I have no idea why this happens on george's box.
Are there any updates to this one? I am also unable to reproduce it here.
Just tried again and I still see the same as comment #10. I haven't done any significant updates since then. If anyone has any ideas that they want me to check then let me know. Otherwise I'm due an update once I can make enough time to update and test a gash box - I can't afford to wreck this one and I'm too cowardly/sensible to try significant updates to gnome and OOo (at least) without testing first.
What kernel are you currently running and experiencing the problem on?
As I said in comment #10, 2.6.0-gentoo-r1 ;)
That kernel is _very_ old, please upgrade it and see if it still happens on 2.6.5
I've now updated to 2.6.5-gentoo-r1. No other updates so we stand a chance of finding this. Exactly the same within 4 hours of rebooting (check is cron.hourly so I can't be more precise).

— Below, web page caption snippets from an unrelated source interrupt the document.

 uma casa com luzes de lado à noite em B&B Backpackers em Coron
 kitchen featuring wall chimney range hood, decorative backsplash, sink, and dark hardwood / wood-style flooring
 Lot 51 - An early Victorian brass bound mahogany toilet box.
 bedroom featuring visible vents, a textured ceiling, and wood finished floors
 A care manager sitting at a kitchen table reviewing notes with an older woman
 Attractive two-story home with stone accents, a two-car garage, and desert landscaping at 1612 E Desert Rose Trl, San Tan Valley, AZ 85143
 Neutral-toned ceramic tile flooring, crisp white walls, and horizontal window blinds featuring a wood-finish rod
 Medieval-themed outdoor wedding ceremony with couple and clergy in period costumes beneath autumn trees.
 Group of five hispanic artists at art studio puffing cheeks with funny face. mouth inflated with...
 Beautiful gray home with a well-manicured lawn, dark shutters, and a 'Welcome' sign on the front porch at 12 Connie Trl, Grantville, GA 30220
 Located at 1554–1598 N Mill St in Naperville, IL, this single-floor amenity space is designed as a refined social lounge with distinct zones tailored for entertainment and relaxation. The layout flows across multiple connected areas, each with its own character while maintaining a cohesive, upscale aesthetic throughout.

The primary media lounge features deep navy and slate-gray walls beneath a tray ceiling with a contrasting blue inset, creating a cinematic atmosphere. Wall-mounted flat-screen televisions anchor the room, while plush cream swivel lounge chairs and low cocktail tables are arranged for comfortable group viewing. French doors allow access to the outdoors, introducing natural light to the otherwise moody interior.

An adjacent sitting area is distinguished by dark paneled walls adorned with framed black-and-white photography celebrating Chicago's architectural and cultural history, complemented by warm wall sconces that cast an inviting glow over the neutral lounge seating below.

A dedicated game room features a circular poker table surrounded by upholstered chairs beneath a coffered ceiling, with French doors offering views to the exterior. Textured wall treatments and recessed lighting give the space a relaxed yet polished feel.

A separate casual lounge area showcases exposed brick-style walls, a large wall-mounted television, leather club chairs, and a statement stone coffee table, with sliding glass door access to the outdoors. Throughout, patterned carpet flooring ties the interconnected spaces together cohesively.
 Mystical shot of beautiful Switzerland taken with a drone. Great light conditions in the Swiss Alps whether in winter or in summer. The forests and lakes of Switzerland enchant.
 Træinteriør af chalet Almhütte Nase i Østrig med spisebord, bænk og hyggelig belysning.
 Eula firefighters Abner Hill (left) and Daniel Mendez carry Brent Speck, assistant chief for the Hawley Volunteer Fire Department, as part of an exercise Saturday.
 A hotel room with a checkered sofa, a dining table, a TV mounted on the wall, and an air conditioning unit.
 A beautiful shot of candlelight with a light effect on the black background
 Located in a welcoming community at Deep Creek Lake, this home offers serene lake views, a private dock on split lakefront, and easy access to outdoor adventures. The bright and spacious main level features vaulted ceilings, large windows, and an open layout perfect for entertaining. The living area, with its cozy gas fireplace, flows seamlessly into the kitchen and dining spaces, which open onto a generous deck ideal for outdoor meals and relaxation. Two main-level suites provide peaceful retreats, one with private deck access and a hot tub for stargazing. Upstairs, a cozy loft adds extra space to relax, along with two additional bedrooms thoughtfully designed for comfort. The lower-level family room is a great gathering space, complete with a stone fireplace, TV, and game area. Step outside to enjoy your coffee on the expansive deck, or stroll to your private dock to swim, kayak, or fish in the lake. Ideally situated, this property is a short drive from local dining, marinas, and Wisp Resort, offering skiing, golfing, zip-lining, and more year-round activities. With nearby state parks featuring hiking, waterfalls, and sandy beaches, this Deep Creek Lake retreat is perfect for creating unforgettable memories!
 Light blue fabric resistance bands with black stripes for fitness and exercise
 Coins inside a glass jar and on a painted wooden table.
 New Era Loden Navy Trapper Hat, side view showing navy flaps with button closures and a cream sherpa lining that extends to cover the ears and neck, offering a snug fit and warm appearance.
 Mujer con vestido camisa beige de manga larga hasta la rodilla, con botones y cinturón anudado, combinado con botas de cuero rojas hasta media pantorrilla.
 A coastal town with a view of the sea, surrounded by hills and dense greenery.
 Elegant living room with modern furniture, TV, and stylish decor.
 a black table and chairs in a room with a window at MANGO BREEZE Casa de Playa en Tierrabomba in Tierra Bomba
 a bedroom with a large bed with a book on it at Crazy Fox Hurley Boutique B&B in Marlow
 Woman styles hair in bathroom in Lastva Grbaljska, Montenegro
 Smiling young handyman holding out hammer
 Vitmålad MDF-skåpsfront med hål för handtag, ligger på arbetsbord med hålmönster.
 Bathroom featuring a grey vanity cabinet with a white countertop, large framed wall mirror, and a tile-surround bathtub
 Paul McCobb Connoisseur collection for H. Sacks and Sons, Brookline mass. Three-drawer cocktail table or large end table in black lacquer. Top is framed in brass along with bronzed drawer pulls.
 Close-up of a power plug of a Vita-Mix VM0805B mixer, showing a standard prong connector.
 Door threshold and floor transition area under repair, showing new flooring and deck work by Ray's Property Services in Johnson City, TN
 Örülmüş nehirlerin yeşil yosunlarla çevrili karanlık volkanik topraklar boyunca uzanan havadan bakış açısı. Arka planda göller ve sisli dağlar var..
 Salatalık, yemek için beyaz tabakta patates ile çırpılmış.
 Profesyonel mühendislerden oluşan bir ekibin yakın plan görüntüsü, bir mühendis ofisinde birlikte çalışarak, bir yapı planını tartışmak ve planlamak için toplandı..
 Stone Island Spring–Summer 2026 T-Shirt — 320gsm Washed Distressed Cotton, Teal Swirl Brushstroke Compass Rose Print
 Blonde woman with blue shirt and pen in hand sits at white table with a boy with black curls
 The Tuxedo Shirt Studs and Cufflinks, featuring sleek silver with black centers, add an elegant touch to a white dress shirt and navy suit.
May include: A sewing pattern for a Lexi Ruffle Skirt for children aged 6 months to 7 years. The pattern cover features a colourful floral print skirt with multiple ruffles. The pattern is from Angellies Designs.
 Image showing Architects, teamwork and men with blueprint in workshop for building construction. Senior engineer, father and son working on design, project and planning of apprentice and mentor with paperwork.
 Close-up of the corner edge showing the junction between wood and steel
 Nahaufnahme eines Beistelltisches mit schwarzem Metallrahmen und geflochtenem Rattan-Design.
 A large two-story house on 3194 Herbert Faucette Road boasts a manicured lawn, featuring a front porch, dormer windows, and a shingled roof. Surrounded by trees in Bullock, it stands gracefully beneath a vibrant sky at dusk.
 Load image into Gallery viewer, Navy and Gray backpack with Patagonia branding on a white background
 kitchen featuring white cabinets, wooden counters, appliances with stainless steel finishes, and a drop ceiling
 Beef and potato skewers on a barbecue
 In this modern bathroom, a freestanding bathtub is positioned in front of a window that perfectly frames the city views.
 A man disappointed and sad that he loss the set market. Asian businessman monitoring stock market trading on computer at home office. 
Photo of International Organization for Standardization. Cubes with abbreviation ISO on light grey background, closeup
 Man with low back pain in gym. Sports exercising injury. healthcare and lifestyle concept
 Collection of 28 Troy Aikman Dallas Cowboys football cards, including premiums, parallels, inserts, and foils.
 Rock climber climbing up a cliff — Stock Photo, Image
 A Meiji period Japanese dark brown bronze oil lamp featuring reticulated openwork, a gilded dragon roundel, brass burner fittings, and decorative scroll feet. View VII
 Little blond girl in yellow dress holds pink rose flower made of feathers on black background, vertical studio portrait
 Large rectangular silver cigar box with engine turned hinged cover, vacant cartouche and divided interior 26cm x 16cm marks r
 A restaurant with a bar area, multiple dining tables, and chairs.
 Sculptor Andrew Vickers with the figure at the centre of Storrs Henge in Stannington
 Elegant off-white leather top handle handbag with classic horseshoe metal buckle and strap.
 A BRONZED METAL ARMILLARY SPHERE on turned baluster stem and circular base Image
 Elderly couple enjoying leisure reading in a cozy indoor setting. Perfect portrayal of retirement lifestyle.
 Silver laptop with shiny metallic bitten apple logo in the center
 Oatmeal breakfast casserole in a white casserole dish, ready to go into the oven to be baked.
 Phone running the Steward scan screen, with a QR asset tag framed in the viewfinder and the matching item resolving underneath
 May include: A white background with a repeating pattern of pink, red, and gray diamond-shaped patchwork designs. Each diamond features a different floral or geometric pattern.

The zombie is still netstat and apart from the pid everything is the same as comment #5. I'm still nowhere near ready for the real upgrade to this laptop so I'm still happy to try updating specific packages or other tests.
george, this happens with coreutils-5.2.0 as well? Please try that, while I put 5.2.1 into portage
Updated to coreutile-5.2.0-r2. No other changes, no logout/login, or reboot to make sure I kept my zombie. Output of du -shx /* is now more sensible .... <snip> 342M /opt du: `/proc/7988/task': No such file or directory du: `/proc/7988/fd': No such file or directory 260M /proc 116K /root <snip> ls also gives errors for the missing directories above, and also gives errors for the broken links which are still there... ls -l /proc/7988 ls: cannot read symbolic link /proc/7988/cwd: No such file or directory ls: cannot read symbolic link /proc/7988/root: No such file or directory ls: cannot read symbolic link /proc/7988/exe: No such file or directory I'm not sure if du should report these as errors so I just offer the observation that they also don't show as errors even with du -a. I'm also left with the question whether a zombie should leave broken links in /proc. Is this reasonable or broken? fwiw, the parent of the zombie netstat process is galeon-bin and I'm running 1.3.12. I'll add another comment if anything changes next time I logout/login or reboot.
I'm closing this due to oldness of bug, and the fact that it isn't a kernel issue.